:: What needs to be done ::
Write out again, word for word, the lines below from the line that holds "modern walnut toned" through the line that holds "a bedroom with a bed and a glass door", omitting pictures.

:: Supplied data ::
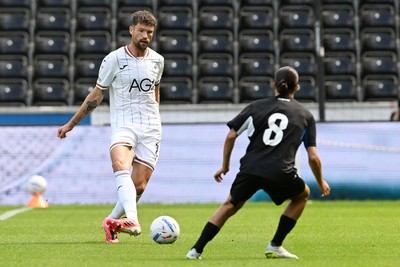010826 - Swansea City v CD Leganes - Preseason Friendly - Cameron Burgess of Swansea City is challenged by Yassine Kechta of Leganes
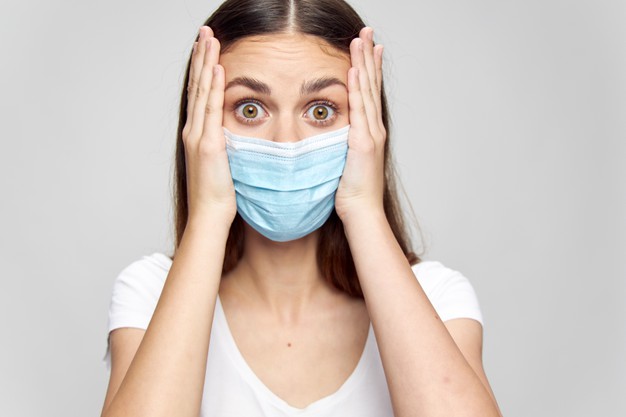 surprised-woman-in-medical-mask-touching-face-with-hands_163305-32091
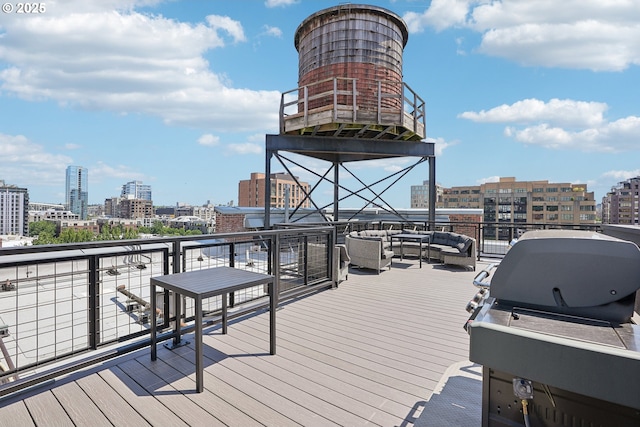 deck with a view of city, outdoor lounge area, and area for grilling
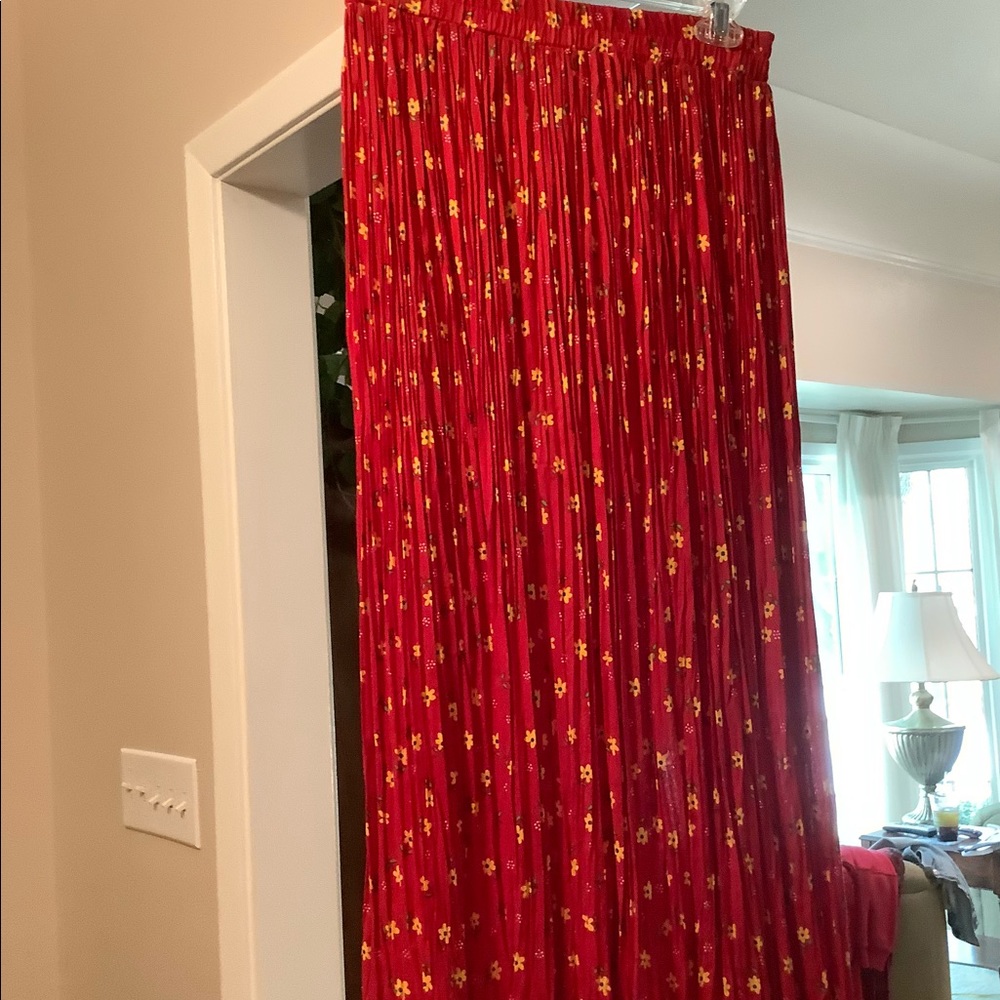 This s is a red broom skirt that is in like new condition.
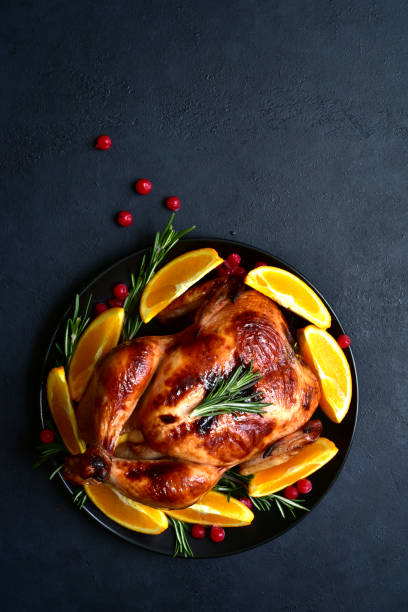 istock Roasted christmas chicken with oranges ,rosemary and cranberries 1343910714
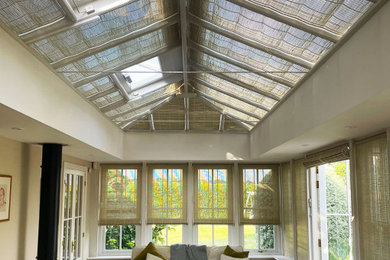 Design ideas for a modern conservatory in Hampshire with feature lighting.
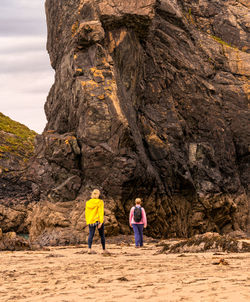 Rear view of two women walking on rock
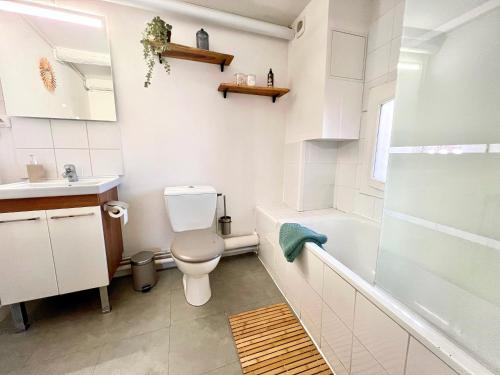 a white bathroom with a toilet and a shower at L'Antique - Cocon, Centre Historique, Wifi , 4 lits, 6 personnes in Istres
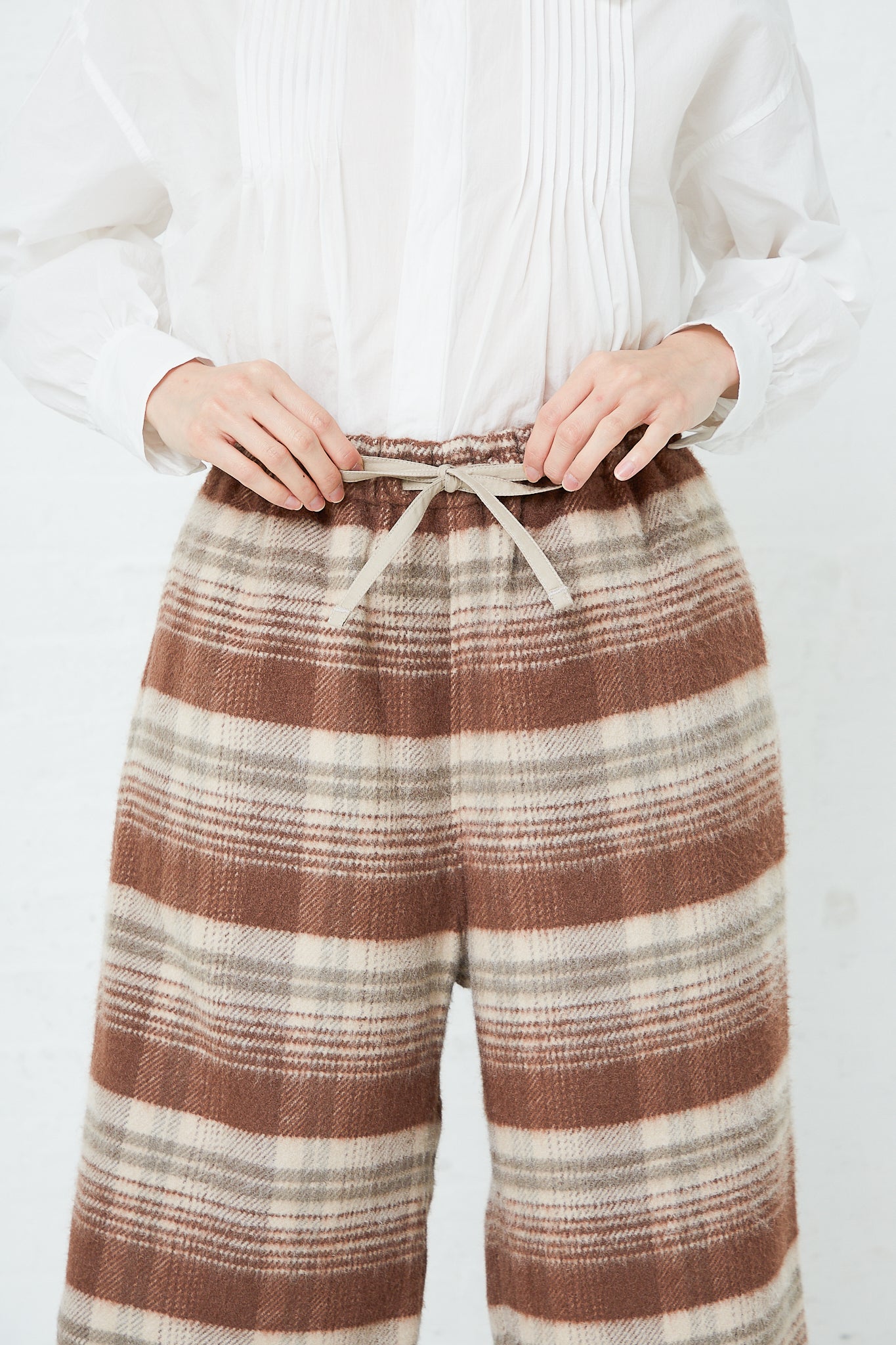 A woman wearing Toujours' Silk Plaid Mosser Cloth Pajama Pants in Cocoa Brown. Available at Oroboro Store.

* * *

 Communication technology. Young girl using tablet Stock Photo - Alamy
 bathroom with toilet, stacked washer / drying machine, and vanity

* * *

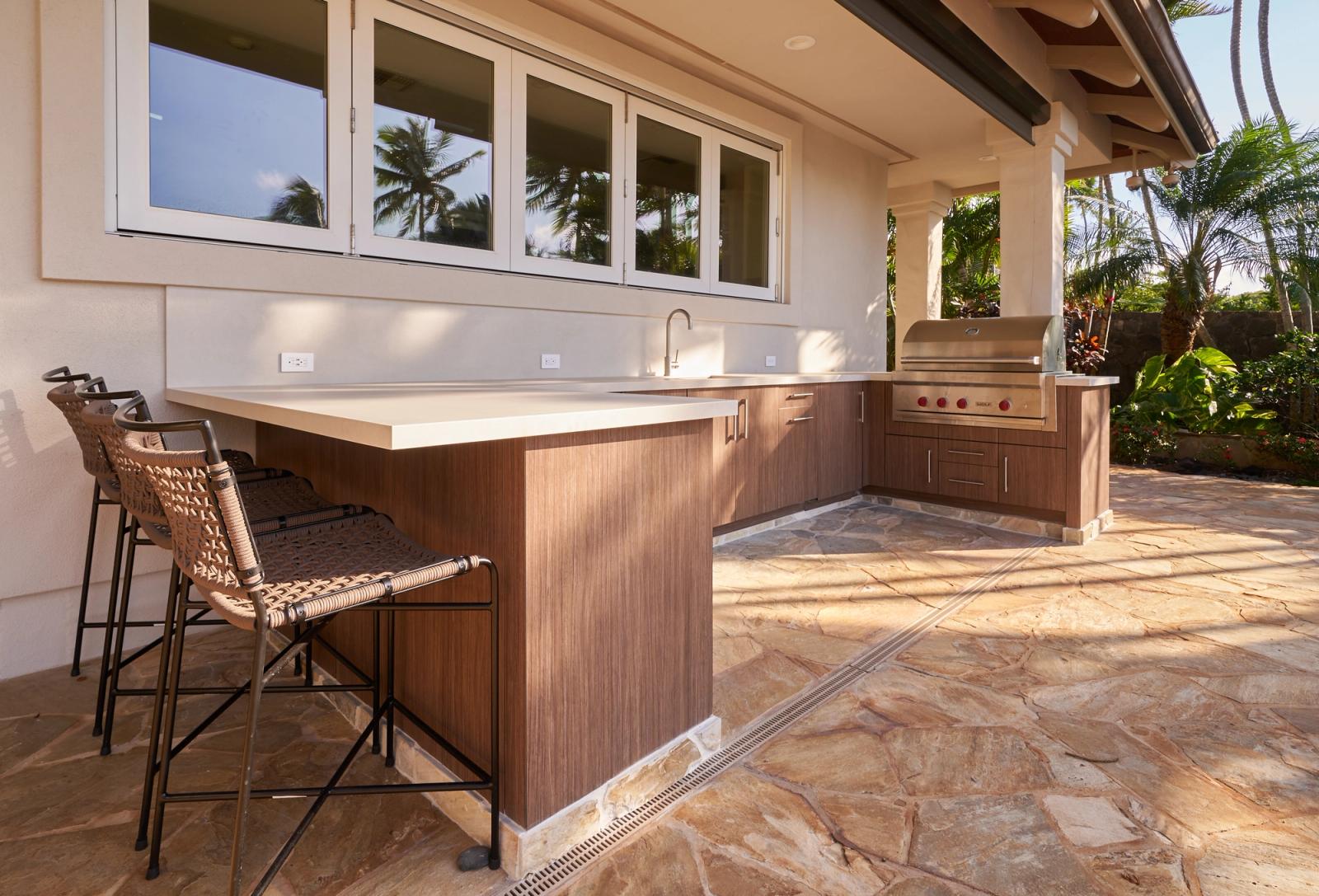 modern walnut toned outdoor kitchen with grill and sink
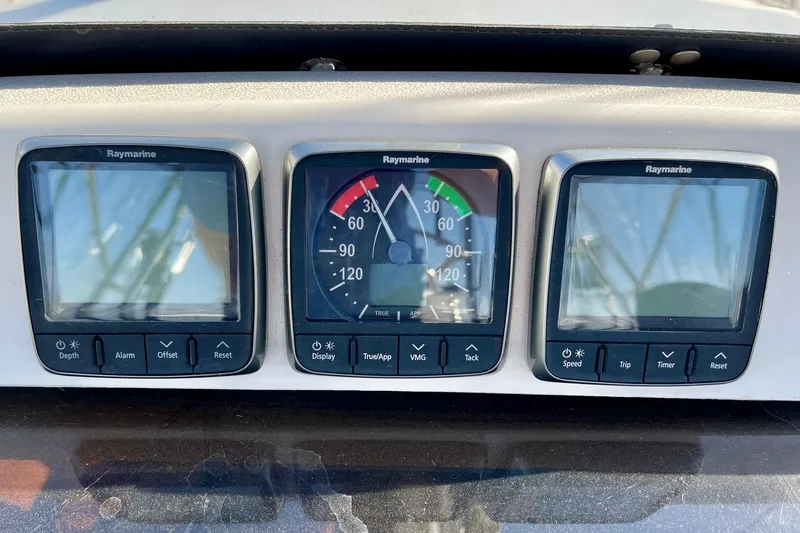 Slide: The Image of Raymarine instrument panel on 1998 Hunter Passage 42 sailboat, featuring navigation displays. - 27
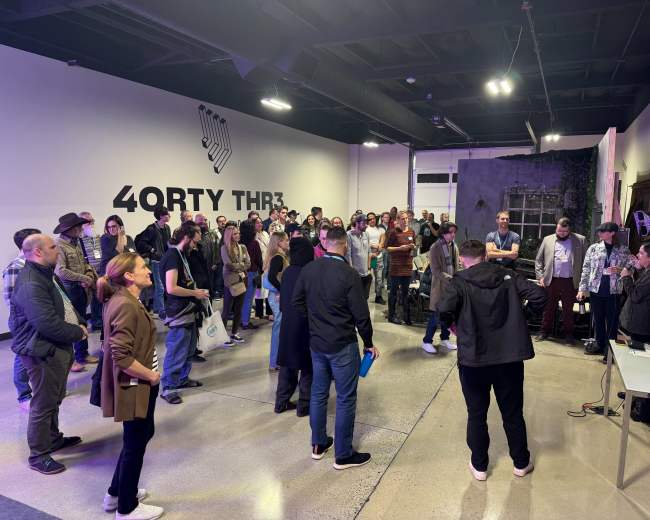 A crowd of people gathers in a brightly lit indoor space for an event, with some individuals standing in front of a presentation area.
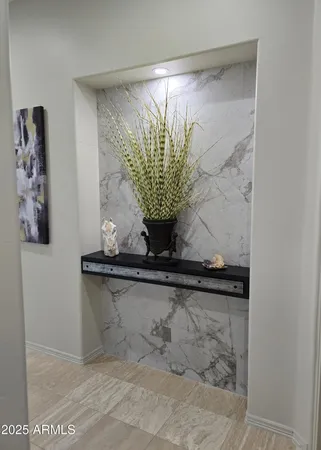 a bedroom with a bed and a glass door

:: Exercise result ::
 modern walnut toned outdoor kitchen with grill and sink
 Slide: The Image of Raymarine instrument panel on 1998 Hunter Passage 42 sailboat, featuring navigation displays. - 27
 A crowd of people gathers in a brightly lit indoor space for an event, with some individuals standing in front of a presentation area.
 a bedroom with a bed and a glass door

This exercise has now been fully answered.